# Hit It!



## dese (Jan 11, 2007)

My daughter...What's wrong with this pic?  :lmao:


----------



## Peacemaker636 (Jan 11, 2007)

Do you mean something illogical or something wrong with the exposure/composition?

I think it's illogical that she is facing away from the direction the rope is heading, unless maybe she's trying to ski backwards.

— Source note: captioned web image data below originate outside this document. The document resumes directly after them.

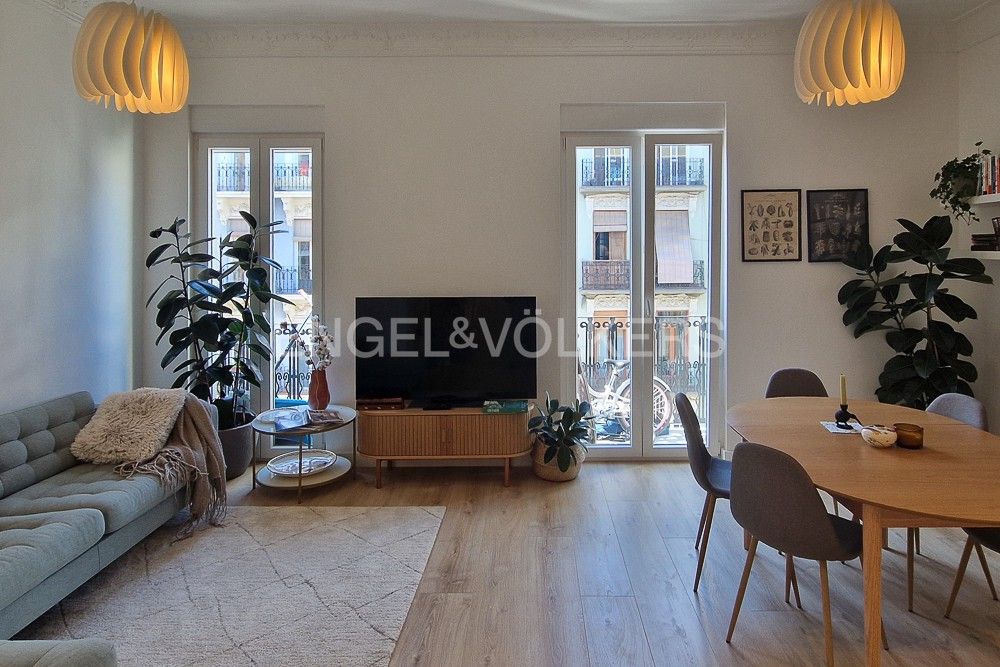 Sala d'estar de Apartament en venda en  Valencia Capital amb Aire condicionat, Calefacció i Parquet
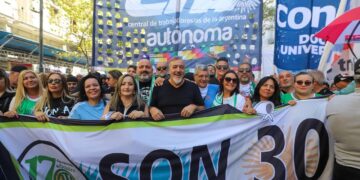 ATE y CTA-A Santa Cruz marcharon a 50 años del golpe. La memoria sigue presente en toda la provincia
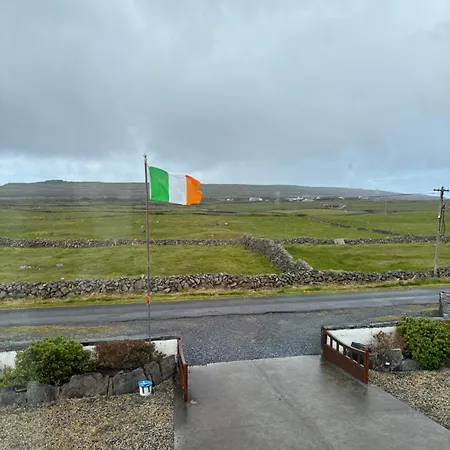 Aran Walkers Inis Mor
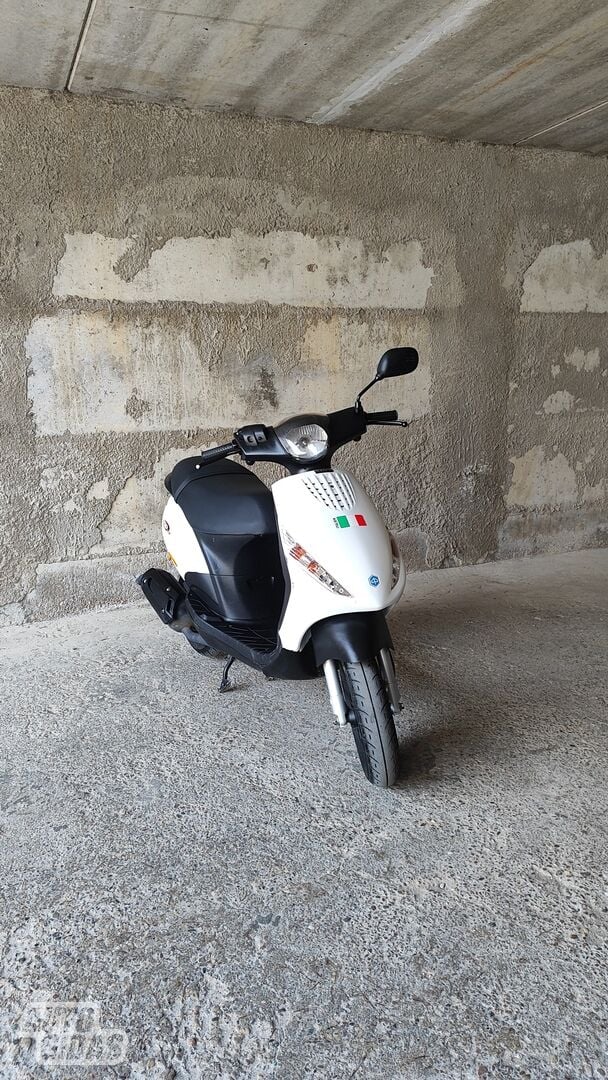 Piaggio ZIP 2016 y Scooter / moped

Something wrong with the picture itself is the blob at the bottom, but that could easily be cropped out.


----------



## dese (Jan 11, 2007)

It's a blooper!  :mrgreen:


----------



## LaFoto (Jan 11, 2007)

Well, but is it the fact that she looks in the opposite direction to where the rope goes? Is that what you mean is wrong about this photo? 
Fun one! 

Oh, and welcome to ThePhotoForum, though you already joined last September, but I am sure we haven't met before.
(How can you join in September and only have 9 posts so far :scratch: - well, *I* don't get such a thing  :scratch: ???)


----------



## dese (Jan 11, 2007)

Yep, just one of those photos that defies logic 

Thanks for the welcome.  I tend to lurk before I jump in and make an idiot out of myself....:lmao:


----------



## Neophyte Photographer (Jan 11, 2007)

I look like that most of the time when I'm getting ready to ski, except I keep my legs a bit closer together.  The rope will go taught and turn her the right way...no worries


----------



## dese (Jan 11, 2007)

:lmao:


----------



## Alex06 (Jan 15, 2007)

Hmm, that looks like me when I tried waterskiing. Except there was no rope and the boat would've been long gone! Mighty kudos to anyone who can do that sport! Very cute pic.:lmao:


----------



## dese (Jan 15, 2007)

Thanks!

I tried to ski...once.


----------



## Jeremy Z (Jan 19, 2007)

The finger or thumb on the bottom of the frame isn't quite right either, hehehe.


----------